Andrew Osborne
- Born: Andrew Osborne 16 August 2003 (age 22) Naas, County Kildare, Ireland
- Height: 1.88 m (6 ft 2 in)
- Weight: 93 kg (14.6 st; 205 lb)
- School: Naas CBS
- Notable relative: Jamie Osborne (brother)

Rugby union career
- Position(s): Wing, Fullback

Senior career
- Years: Team / Apps / (Points)
- 2024–: Leinster / 13 / (30)

International career
- Years: Team / Apps / (Points)
- 2022–2023: Ireland U20 / 7 / (10)
- 2024–: Emerging Ireland / Ireland A

= Andrew Osborne (rugby union, born 2003) =

Irish rugby union player

Andrew Osborne (born 16 August 2003) is an Irish rugby union player who plays on the wing and at fullback.
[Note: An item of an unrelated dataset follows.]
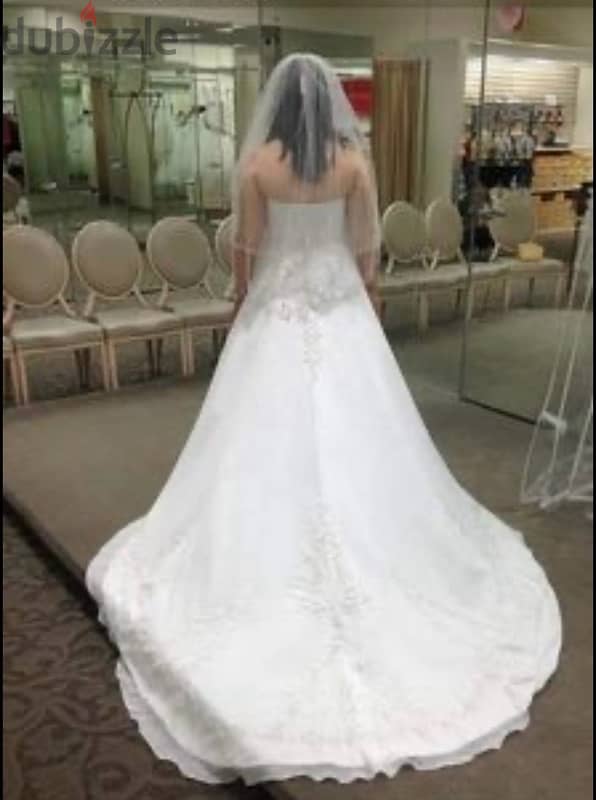 Wedding Dress From USA 3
He is contracted to Leinster Rugby and has represented Ireland U20 as well as Emerging Ireland and Ireland A.

== Early life ==
Osborne grew up in Naas, County Kildare, and began playing rugby with Naas RFC minis. He attended Naas C.B.S. His older brother, Jamie Osborne, also plays for Leinster and Ireland.

== Professional career ==

=== Leinster ===
Osborne was named in the Leinster side to face Zebre Parma on 30 March 2024, lining up alongside his brother Jamie in the back three. He scored a try on his senior debut in a 31–7 victory.
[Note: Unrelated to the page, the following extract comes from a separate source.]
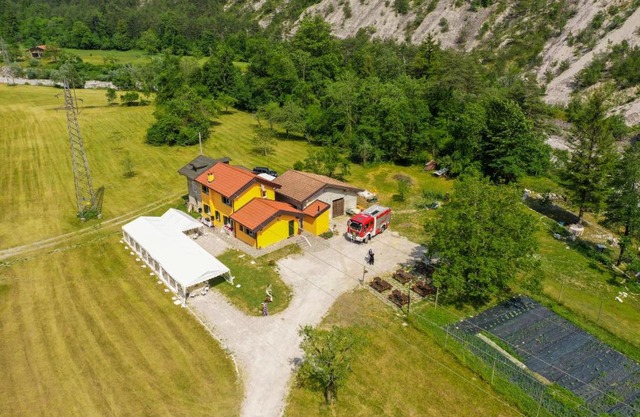 Alloggio agrituristico Pociat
As of mid‑2025, Osborne had scored five tries for Leinster and was nominated for Try of the Year for a solo effort against Connacht. He was promoted to Leinster's senior squad ahead of the 2025–26 season.

=== Ireland ===
Osborne represented the Ireland U20s during their 2022 Grand Slam campaign, scoring a try against Scotland at Scotstoun. In 2024, he toured South Africa with Emerging Ireland, starting at fullback in matches against the Cheetahs and Western Force.

== Personal life ==
Osborne comes from a rugby family. His parents Joe and Fiona, and brothers Jack, Adam, Will, and Jamie are all involved with Naas RFC. His father coached him at underage level.